I started with two rabbits, says successful Umoja entrepreneur

Njenga Omondi [Photos: Silas Nyamweya]

The outbreak of Covid-19 and its aftermath brought many businesses to shut down, eventually rendering workers jobless. They had no option but to shut down or downsize rendering employees jobless.

Njenga Omondi was one of those caught up in this situation. This forced him to think outside the box and find an alternative means of survival by venturing into rabbit farming.

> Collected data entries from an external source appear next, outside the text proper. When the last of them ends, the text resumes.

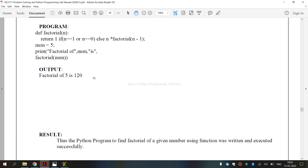Finally, we have executed GE3171 Problem Solving and Python Programming Laboratory, exercise 6A — that is how to find the factorial of a given number using a function. I hope you have understood.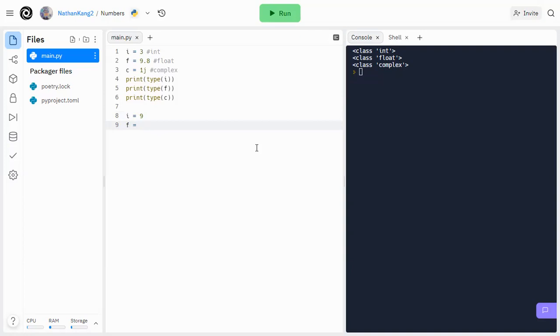So for example, 89.0 would be a float. So would 78.425. Even things like pi are also considered floats.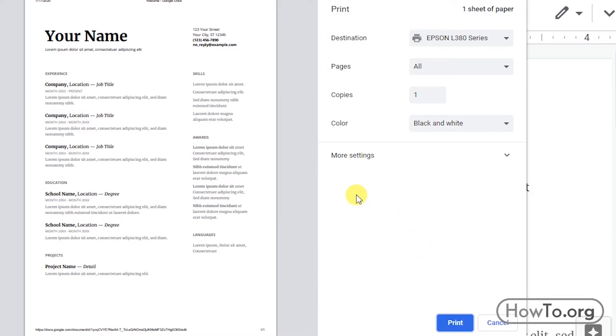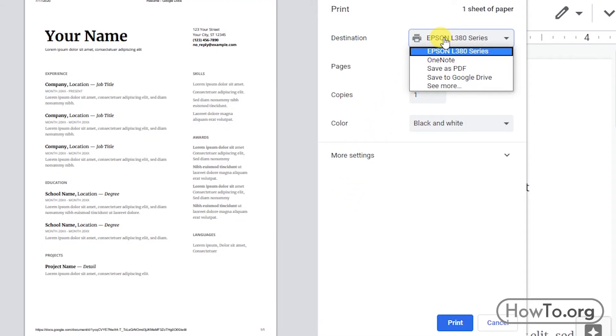If you need the PDF file to share it on WhatsApp or Facebook, or maybe you want to print it on another computer that doesn't have internet, let's change the option in destination. We click and choose save as PDF file.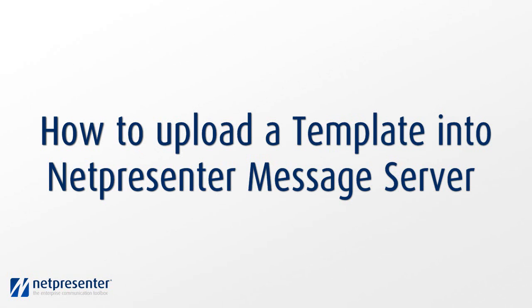In this video, I will show you how to upload a template into the NetPresenter message server.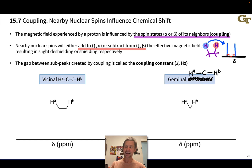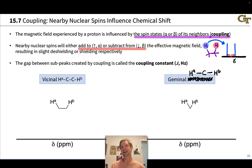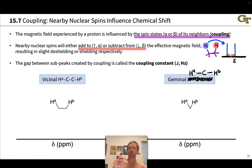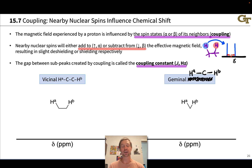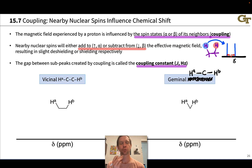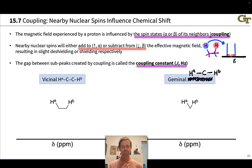This gap between the subpeaks has a frequency value in hertz corresponding to the gap in frequency between the two peaks. This is what's known as the coupling constant J, and it's measured in units of hertz for reasons we'll touch on in a moment.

According to Omondi, a resident of Umoja estate in Nairobi, he had previously wanted to start rabit farming as a side hustle but because of his job, he did not have time to do it.

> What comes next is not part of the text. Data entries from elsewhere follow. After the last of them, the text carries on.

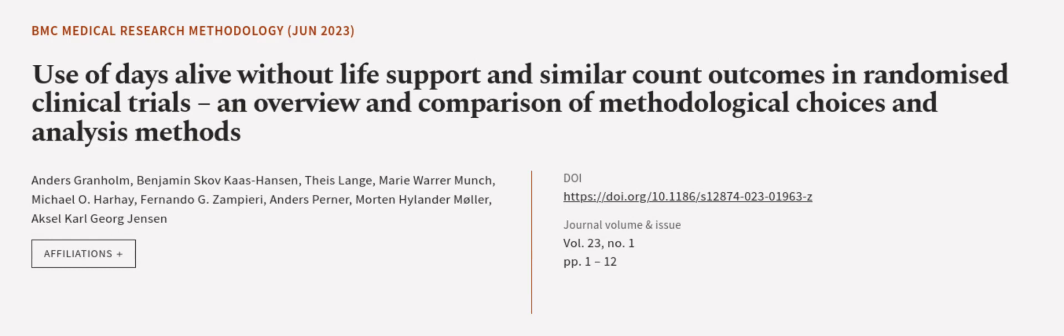This article was authored by Anders Granholm, Benjamin Skov-Kosthansen, Tice Langer, and others.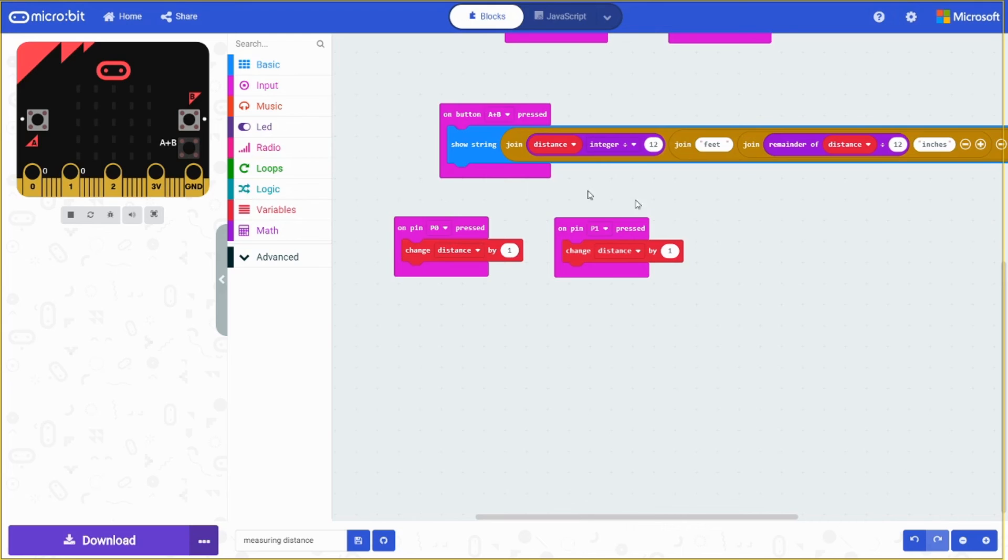Then for the pins, we're just going to be changing distance by one. Very simple. So that's how you do the code. Thank you very much. Thank you very much.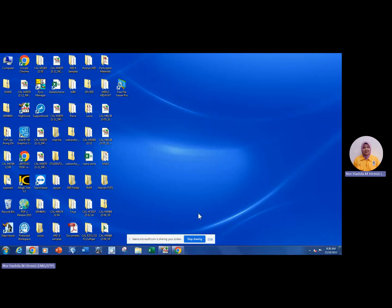Hi, Assalamu'alaikum. In this video we show you how to analyze XRD results using HighScore software for phase identification.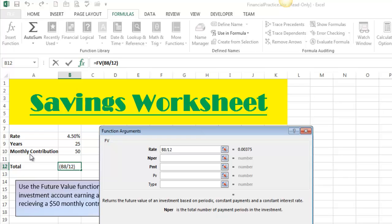Tab down to the next field: NPER. That is the number of contributions you're going to make over the life of this plan, and what that ends up being is years times 12. So you're going to want to multiply by the same number that you divided by. If this was a situation where you were making weekly deposits, then these would become 52s, because there are 52 weeks in a year. The 12 comes from there being 12 months in a year.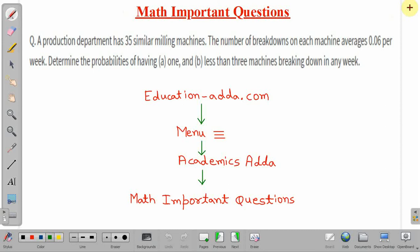Hello friends, in this lecture we will discuss one important problem of mathematics which is from the topic probability.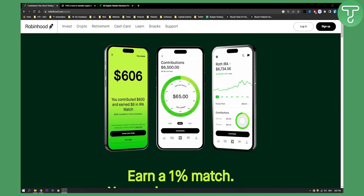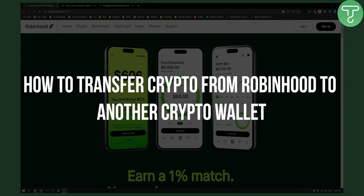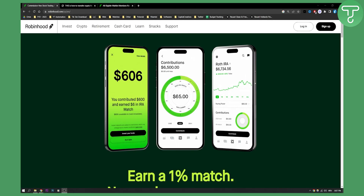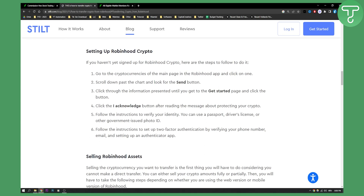Hello everyone, welcome to another Robinhood tutorial. In this tutorial I will show you how to transfer crypto from Robinhood to another crypto wallet. I'm going to be showing you not in the app but just on the desktop how you can do it, but you will be able to apply it in the app as well.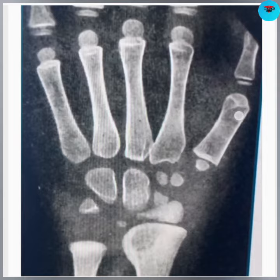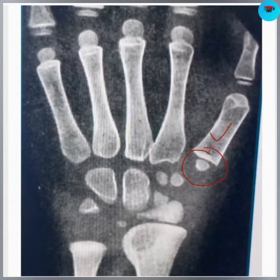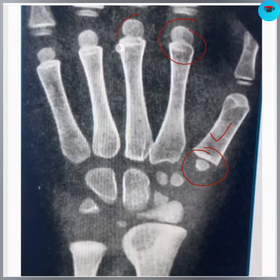You can see here, this is the first metacarpal, and at the base of the first metacarpal you can see the epiphysis. At the base, or at the distal end. But the epiphysis of the other metacarpals are present at the distal or the head end.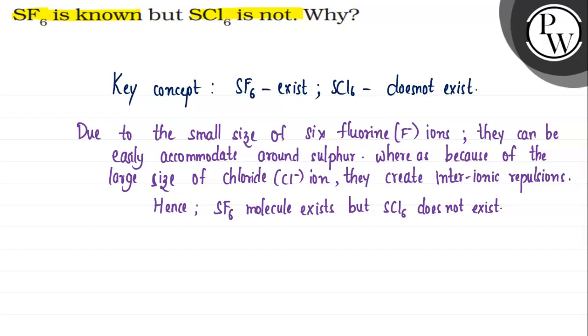So this is the main reason why SF6 is known, but SCl6 is not known. I hope you understand it well. All the best.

 “I have always been aware of the potential of this business considering the high demand of rabbit meat but I didn’t have time to start it,” Omondi says, adding that Covid-19 came as a blessing in disguise.

With sufficient time at his disposal, Omondi, a father of two, embarked on his longtime dream of being a rabbit farmer in the city.

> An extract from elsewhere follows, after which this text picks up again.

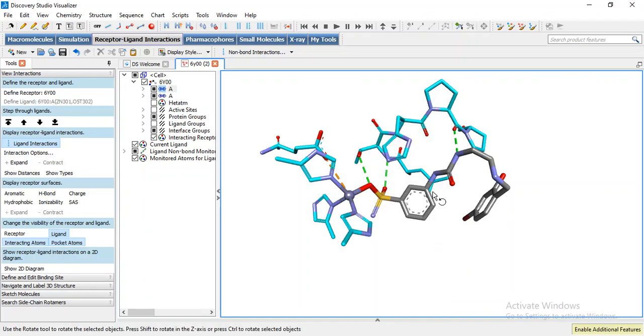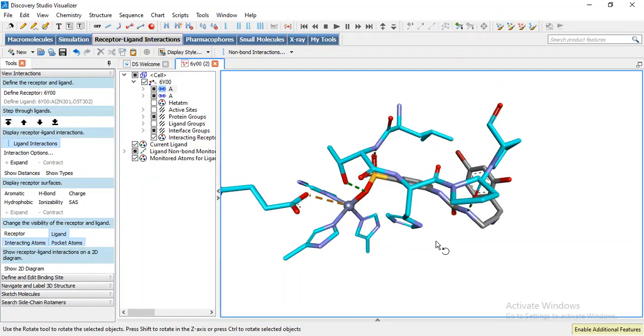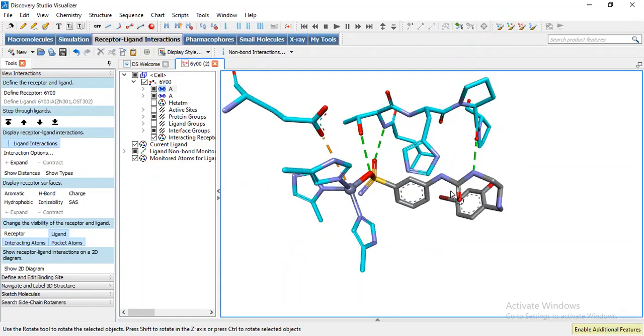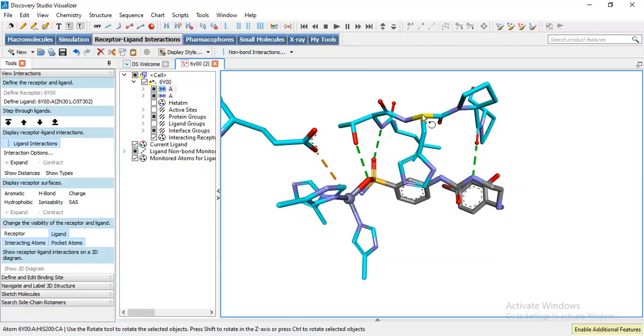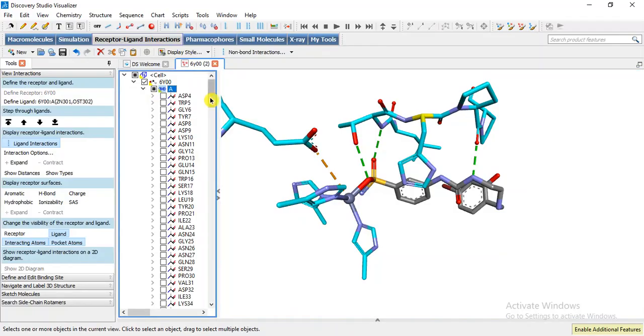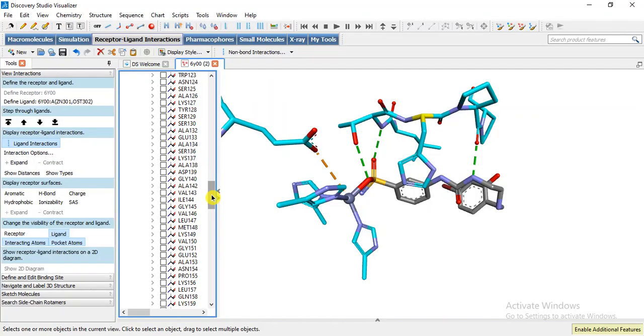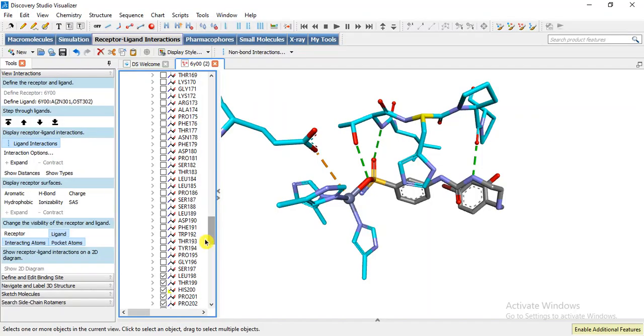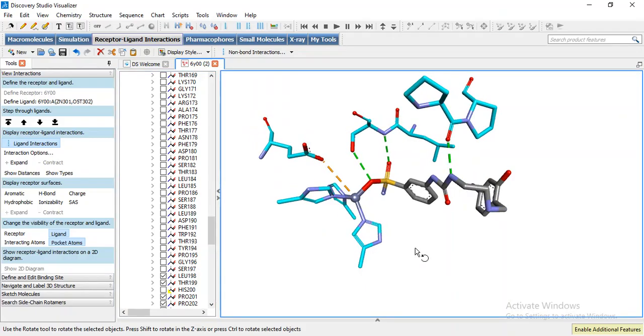Now we can observe what kind of residues are present. We can label them but this is a histidine 200 and it has no interaction with our ligand so I am going to remove it. I have removed that.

He says he didn’t find it hard to start the venture as the business requires little investment. With the services of a local carpenter who helped him make rabbit hutches, he was good to go.

With a small capital, he was able to set up a rabbit farm within his compound.

“I started with only two rabbits and I thank God I already had the space for this business,” Omondi tells City Biz. 

Photo/Nathan Ochunge/Standard

What drew him to it

His main motivation to start rabbit farming as opposed to other forms of farming is beccause he wanted to be unique and exploit the potential in an area that many have ignored.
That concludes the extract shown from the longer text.